Métamorphosés par rapport à leurs dernières sorties (Rouen et Agen), les Columérins, pourtant indisciplinés — ils ont été souvent pénalisés au sol —, ont dominé les débats à partir d’une énorme défense, le symbole du caractère et de la solidarité, dans le sillage d’une troisième ligne de gala. Ajoutez une conquête touche-mêlée royale (pas un ballon perdu face à l’alignement réputé des Corréziens), un bon jeu au pied d’occupation et vous comprendrez comment les Brivistes, malgré une certaine efficacité dans les grattages, ont pu voir leurs velléités se briser sur le mur bleu.
Si le groupe Trois Cafés Gourmands a pu vanter les mérites d’une Corrèze qu’il avait dans le cathéter (« À nos souvenirs ») , les Columérins, eux, y avaient une grinta retrouvée et ils ont pu servir un café gourmand à leur public.
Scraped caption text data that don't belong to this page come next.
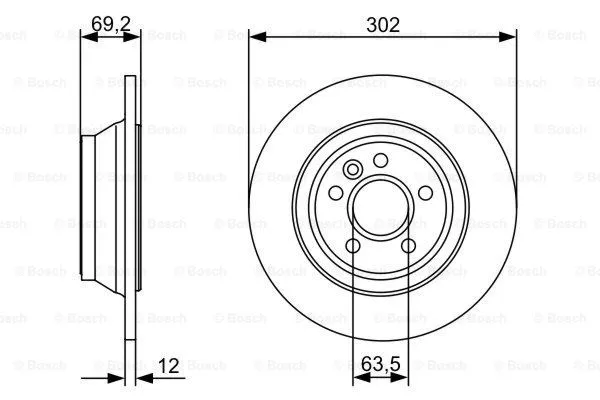 Brake Disc (0 986 479 396)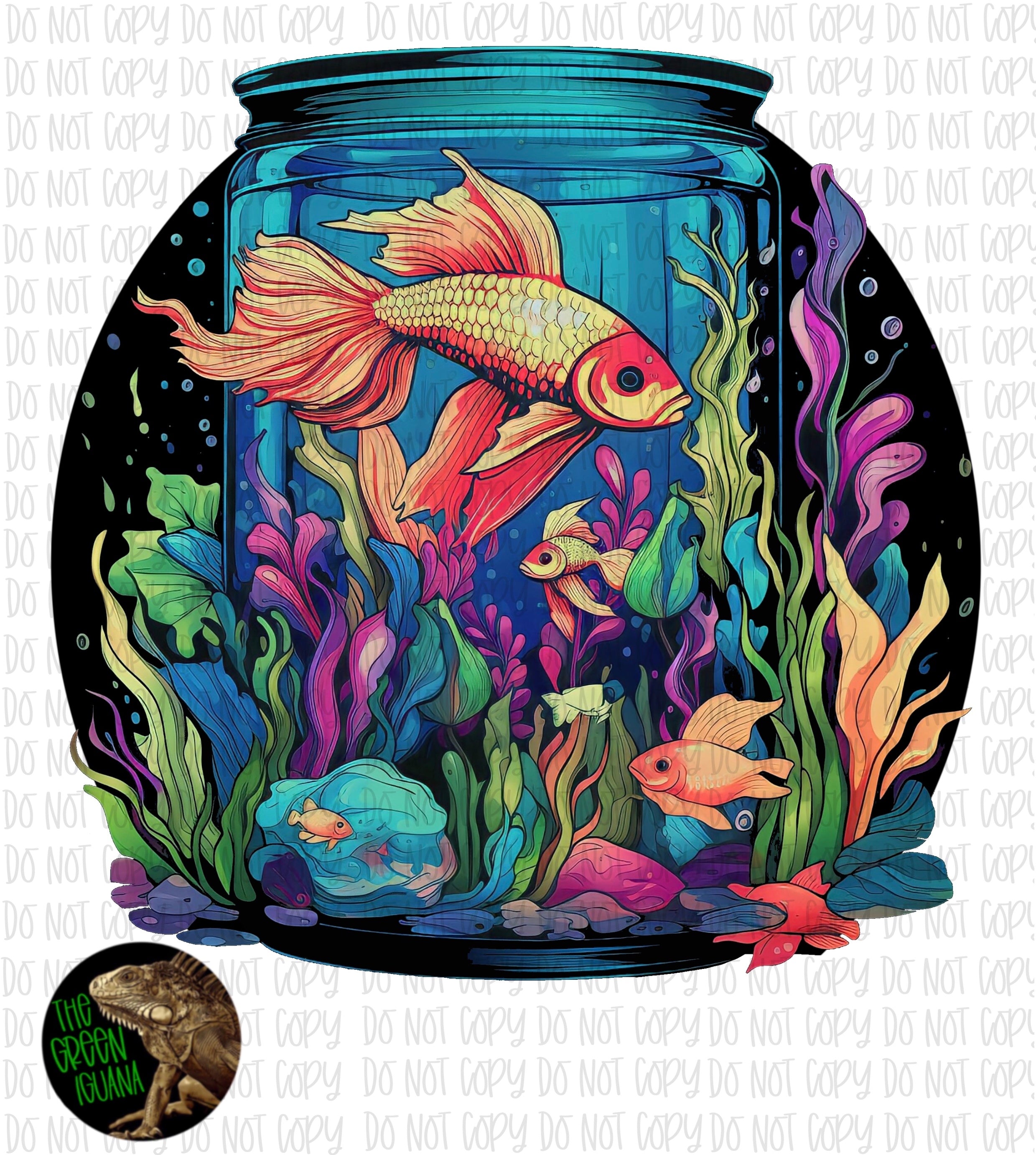 Fish with vibrant plants - DIGITAL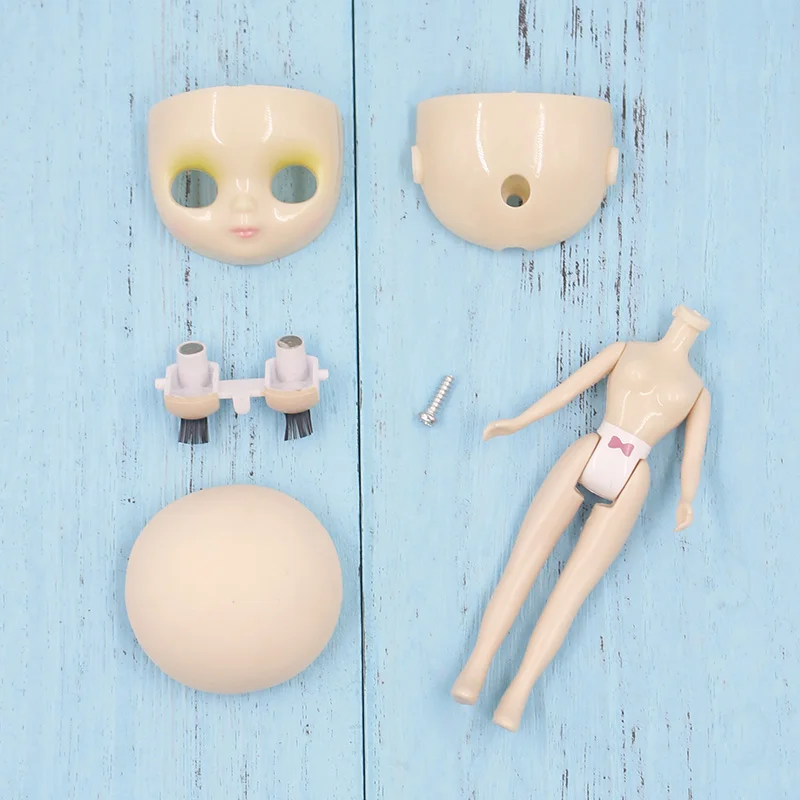 Blyth Doll Mini Accessories body,face,eyes,scalp for 10cm height doll Suitable For DIY Change Toy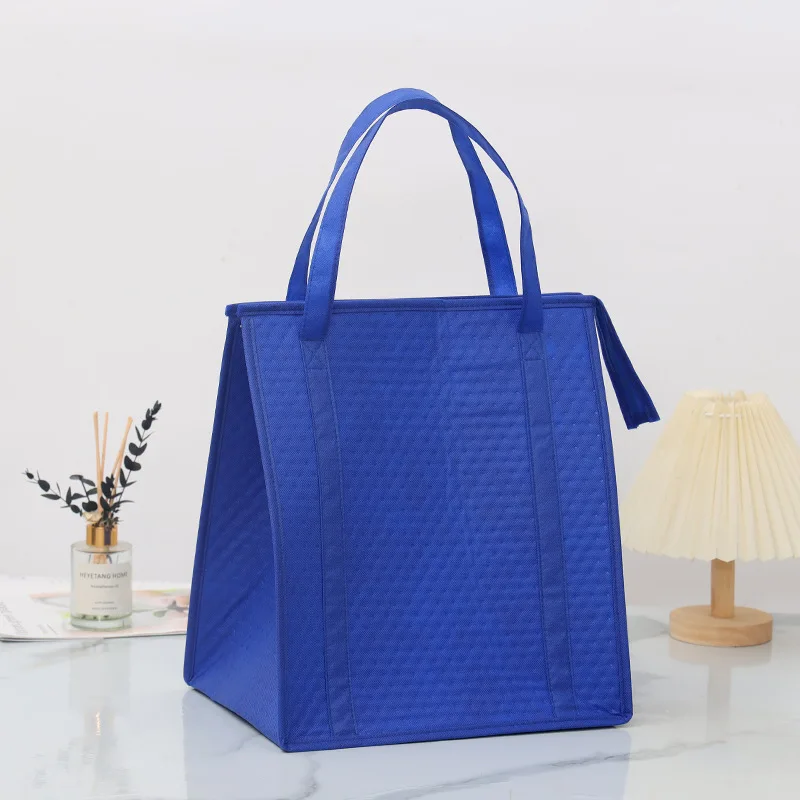 1 Large Insulated Shopping Bag Reusable Cooler Tote with Handle and Zipper Closure, Thermal Food Carrier for Hot and Cold Meals, Grocery Shopping, Picnic, Travel, and Outdoor Use - 图片 8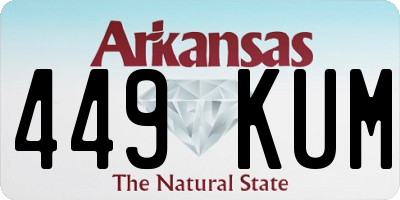 AR license plate 449KUM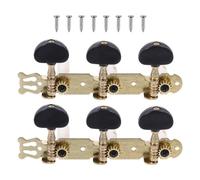 SOLUSTRE Mécaniques de Accessoires pour Réparation et Réglage de Guitare Noires en Métal et Plastique, Accordage Rapide Triptyque 1 Set Complet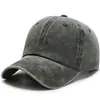 Gorra de Béisbol Lavable Cuatro Rayas Transfronteriza, Personalizable con Bordado de Logo, Gorra Versátil de Mezclilla Suave con Efecto Desgastado Vintage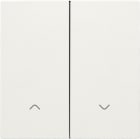 NIKO - Abdeckung für elektronischen Doppel Rollladenschalter, white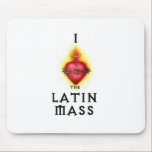 I LOVE the Latin Mass Sacred Heart of Jesus Mouse Pad<br><div class="desc">Show your love for the Mass of All Ages and the Sacred Heart of Jesus!</div>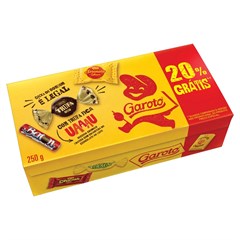 BOMBOM GAROTO GAROTICES SABORES SORTIDOS CAIXA PROMO 250G
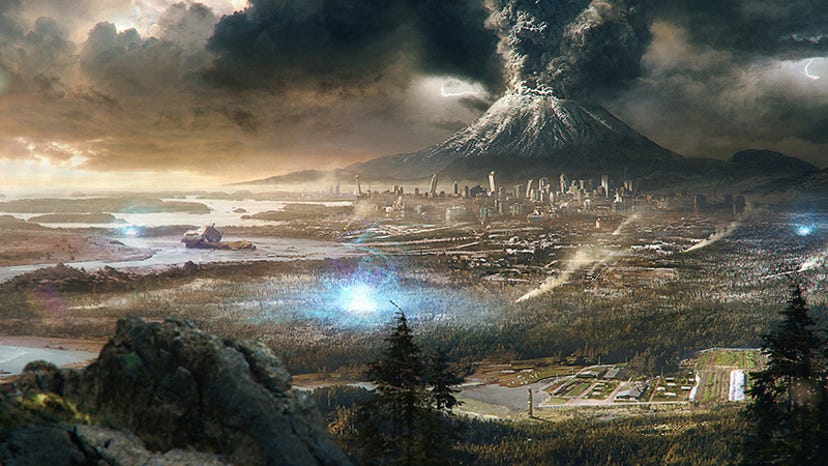 Concept art for Ashfall.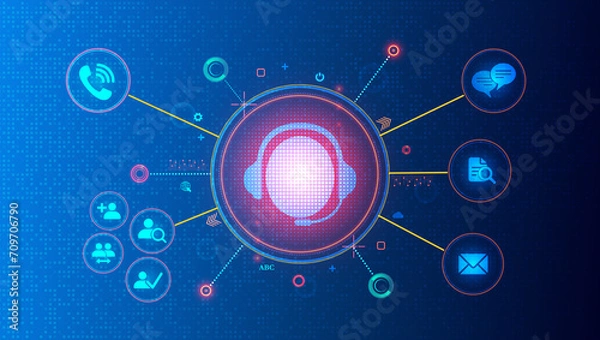 Obraz Help Desk Software - Help Desk Solutions - Conceptual Illustration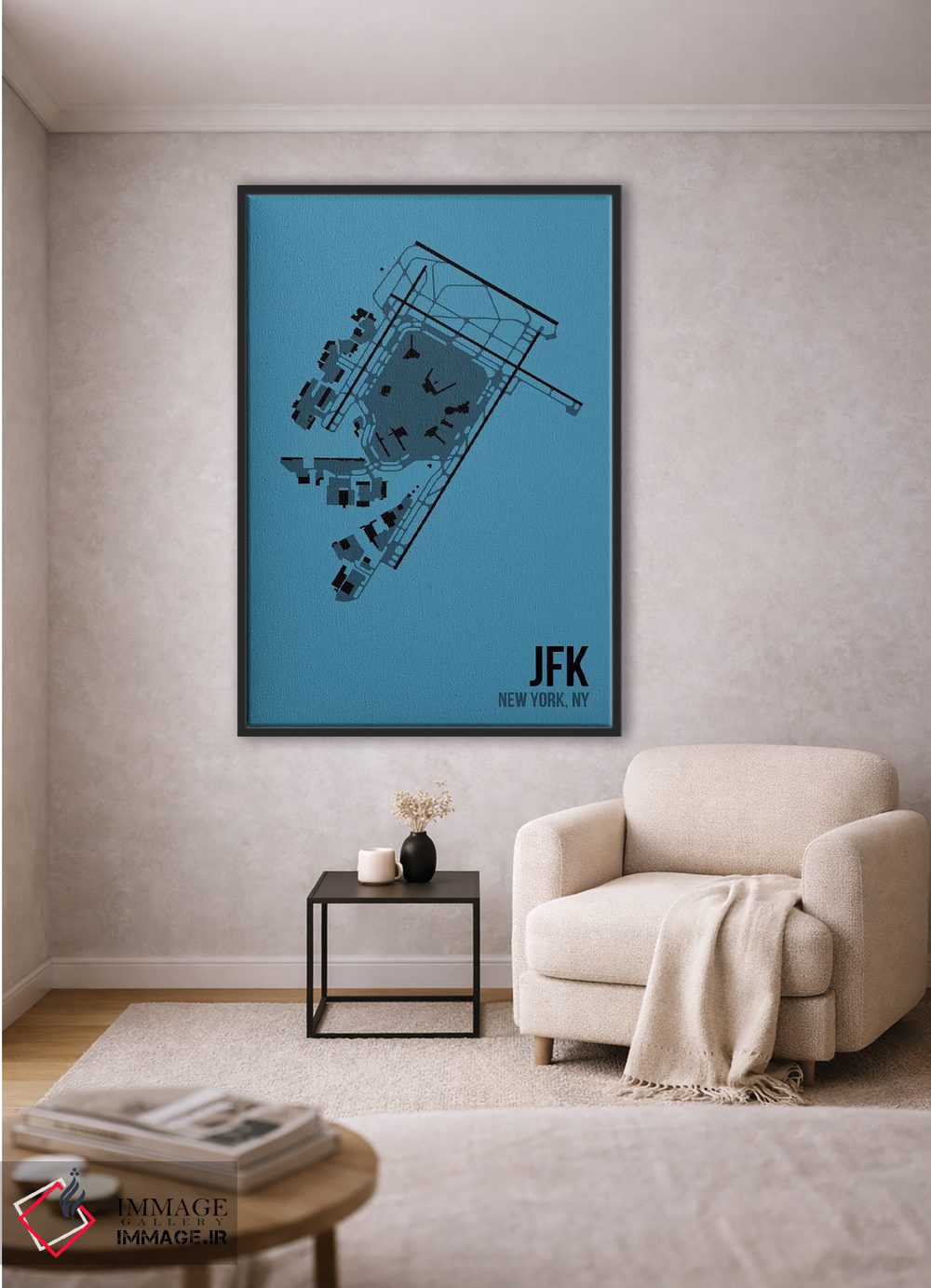 تابلو دکوراتیو نیویورک اثر ۰۸ لفت - D2B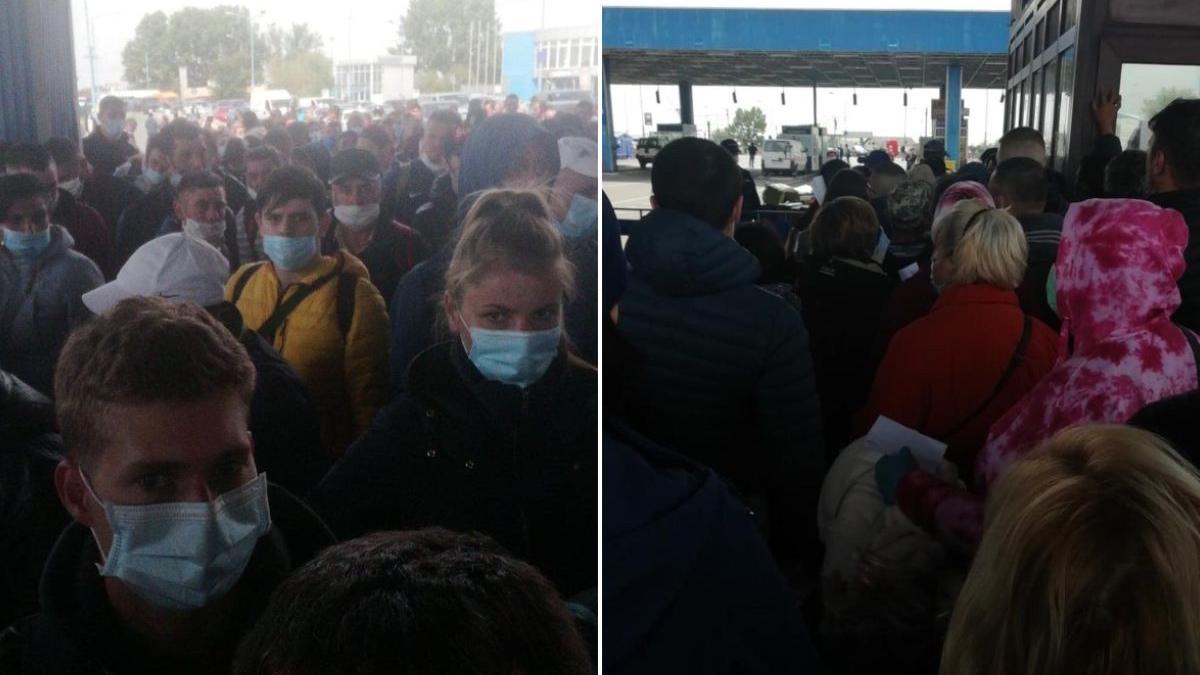 revolta vama nadlac intrare tara oameni cozi masini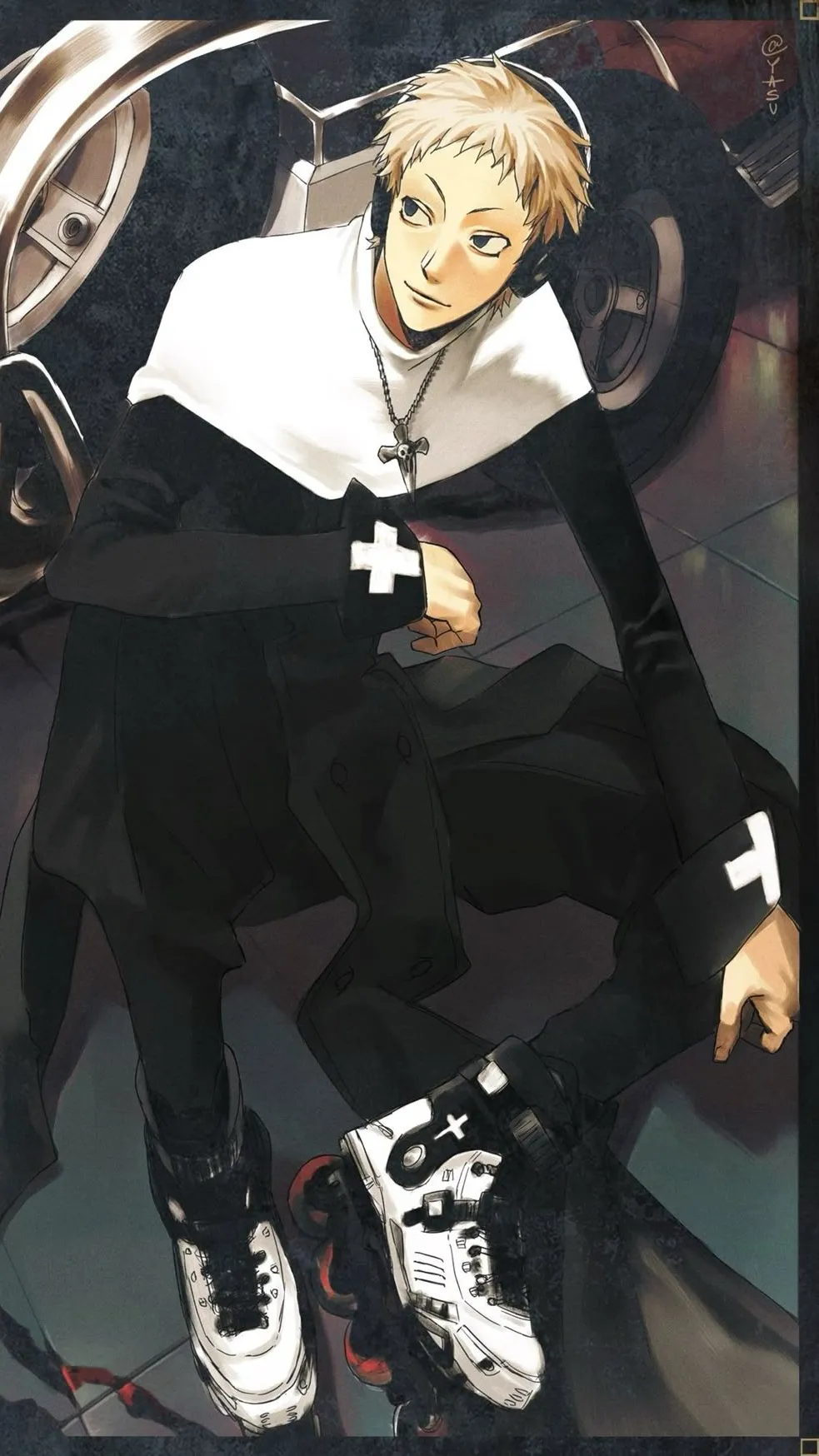 ai character: Justin law background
Leur mission pouvait, au coup d’envoi, paraître très difficile. Impossible disaient certains. Et pourtant… Il y a quelques décennies, Max Urbini, footballeur devenu une sommité du journalisme sportif, racontait dans l’une de ses savoureuses chroniques sur RMC la vision de l’impossible de Numa Andoire, ancienne gloire de l’OGC Nice. Devenu entraîneur, celui-ci expliqua un jour à l’un des ses jeunes joueurs que rien n’était impossible si ce n’était de remettre le dentifrice dans son tube après l’en avoir sorti.
Avec ce Colomiers-là, tout semble possible, dans un sens comme dans l’autre tant l’inconstance frappe l’équipe. Alors, si le dentifrice n’est pas gaspillé, ses joueurs mordront peut-être à belles dents dans le succès.